One of the things I experimented with while writing The Duke and the Pirate Queen was a mystery plot. Throughout the story, I interspersed questions that weren’t immediately answered. For example, the heroine, Imena, overhears fragments of what might be a plot against the Duke Maxime. Throughout the novel, as Imena is trying to protect him against that threat, another character, Sylvie, is elsewhere, trying to track down the threat’s source.
Sylvie’s detective work naturally includes seducing information from an attractive stranger. I was thus able to get more information about the mystery plot to the reader while still keeping up the novel’s erotic content.
There were some difficulties. I’d never tried to write a “real” mystery before. Combined with the romance plot, and the erotic plot that was part of that, and the fantasy worldbuilding, I got in a bit over my head. Looking back, I should have made the mystery simpler.

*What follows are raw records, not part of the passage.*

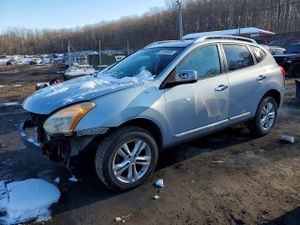 Nissan Rogue S 2.5L 4 2013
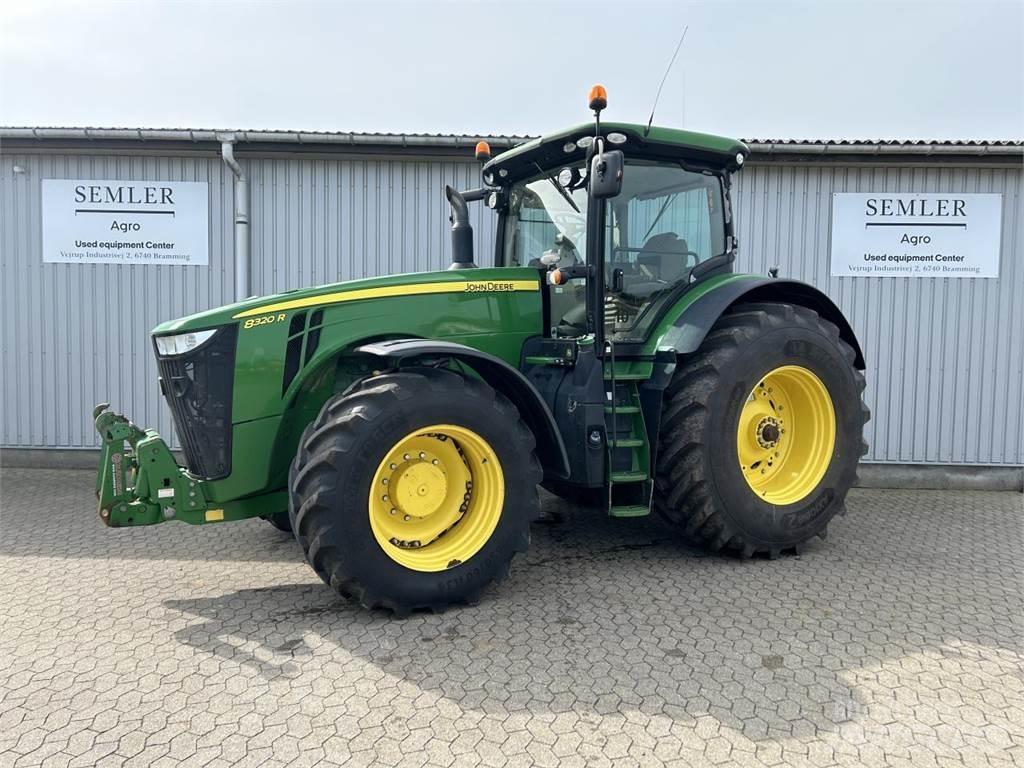 John Deere 8320R 曳引機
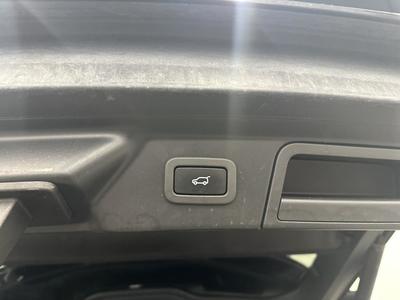 Land Rover Range rov ER VELAR 2.0 P300 R-DYNAMIC SE AUTO 4WD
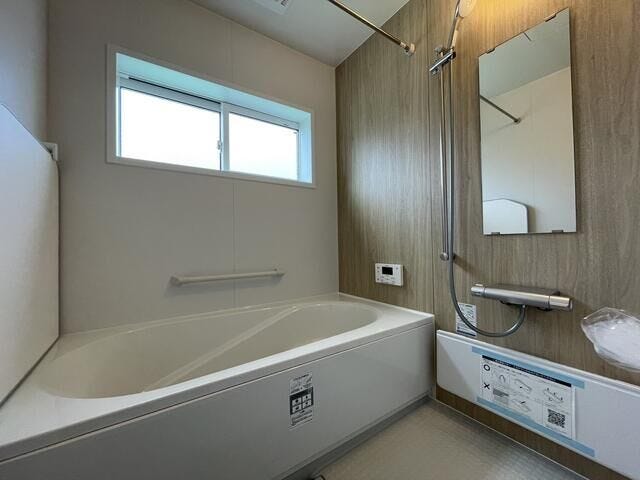 広々とした浴室ですので足を伸ばしてゆったりと入れます!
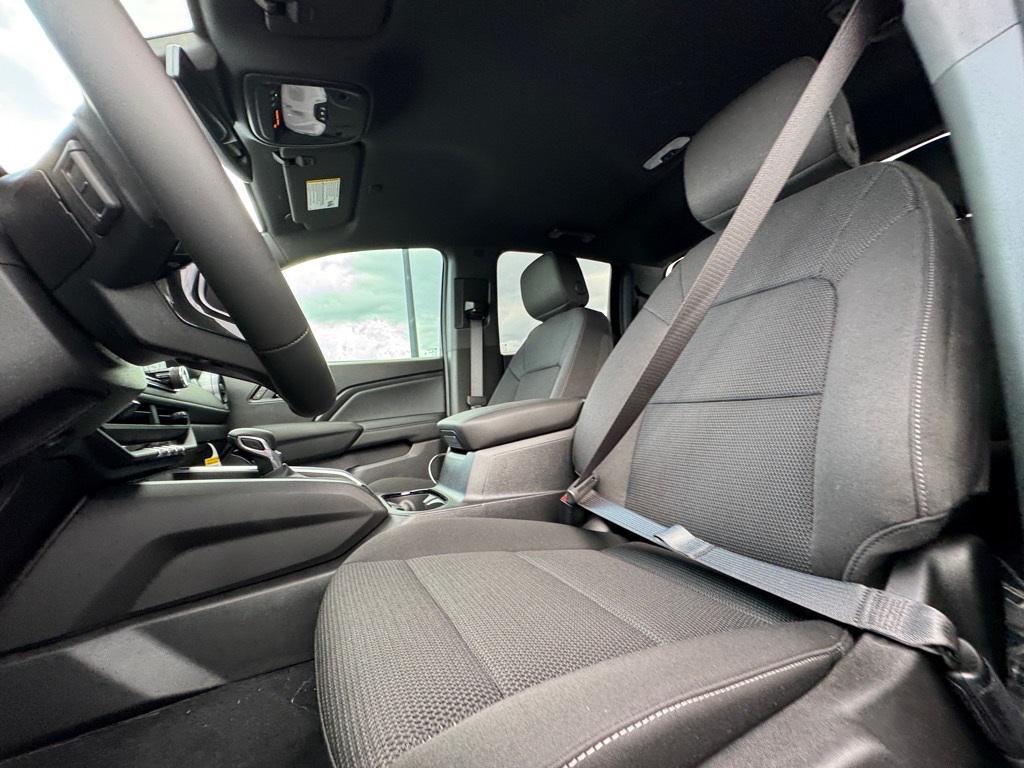 new 2025 Chevrolet Colorado car, priced at $32,495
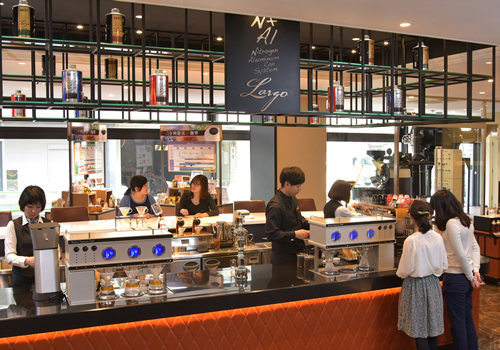 試飲もできるコーヒーの複合施設「UCC コーヒーアカデミー東京」が東京・港区にオープン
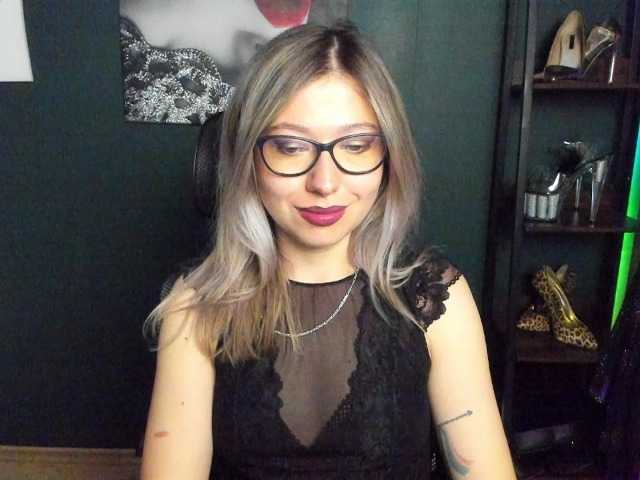 xxHeidiLove live cam on BongaCams
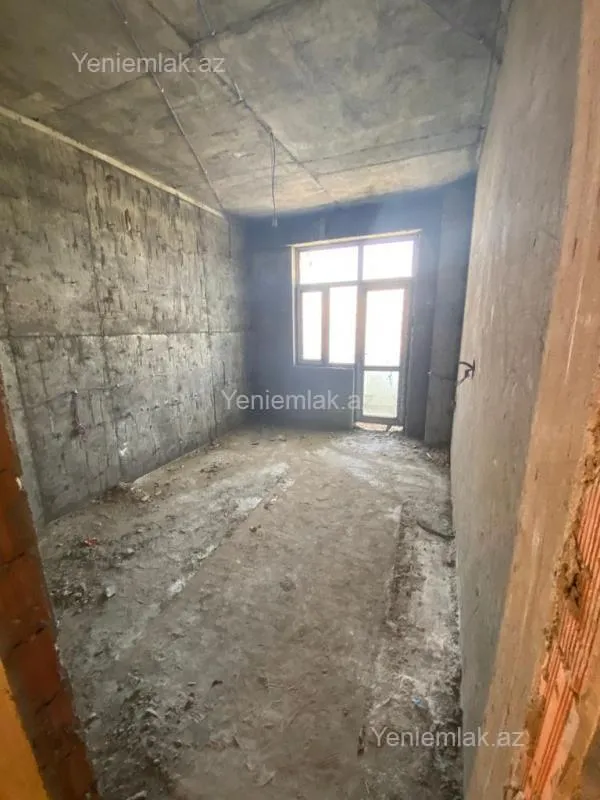Satılır 3 otaqlı yeni tikili 131 m²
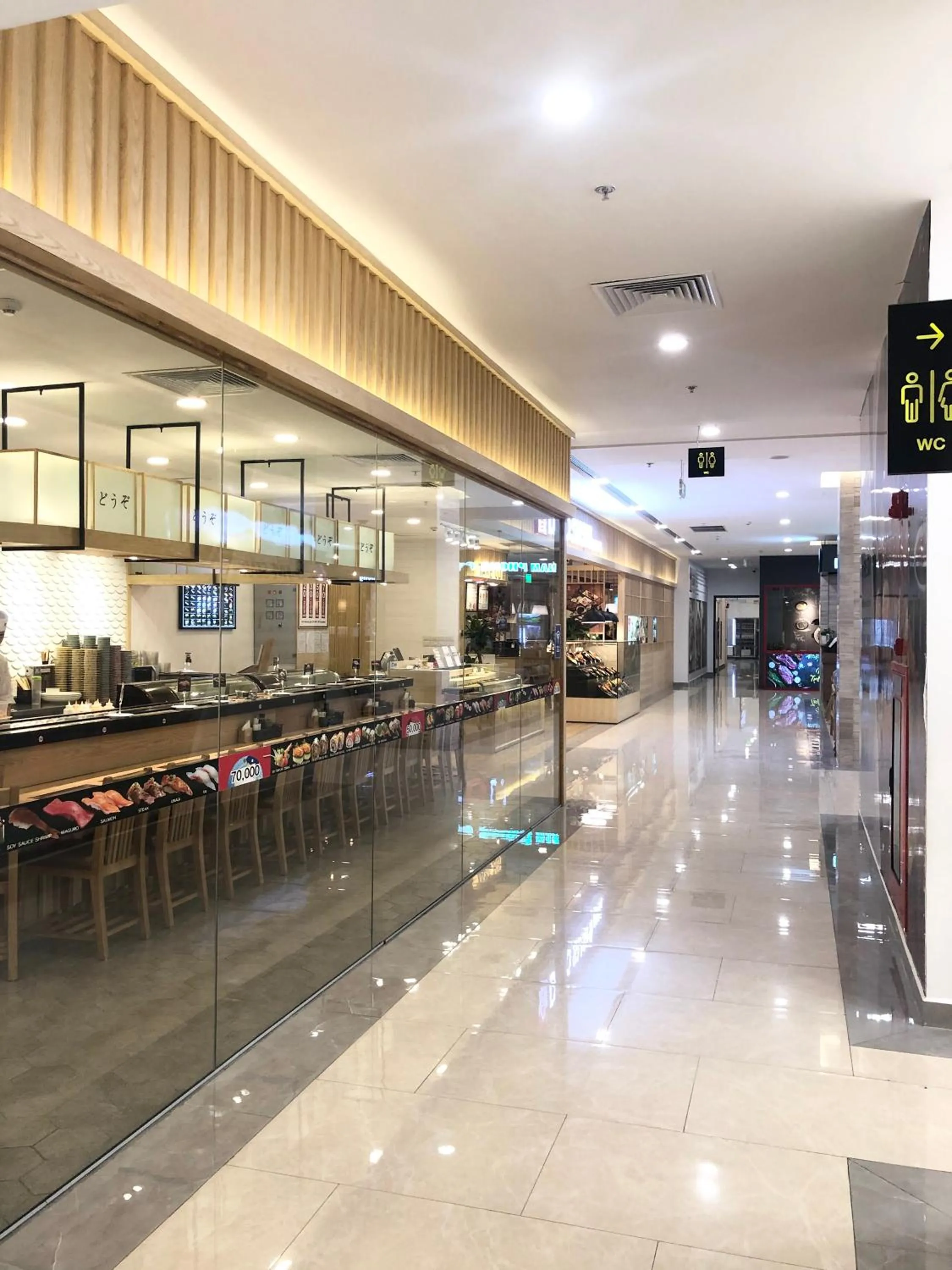 Restaurant/places to eat in Luxury Condotel 2BR Vinhomes Skylake Keangnam - Netflix free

I got around the issue of a too-complex mystery because I had to do so; I was on deadline. That can be a great spur to one’s creativity! I ended up relying on the time-honored technique of telling rather than showing. Sometimes, telling is what you need. I don’t think it’s a bad technique, so long as you make it interesting. Tell using dialogue between intriguing characters. Tell while keeping the reader curious. Tell only enough to keep the mystery alive.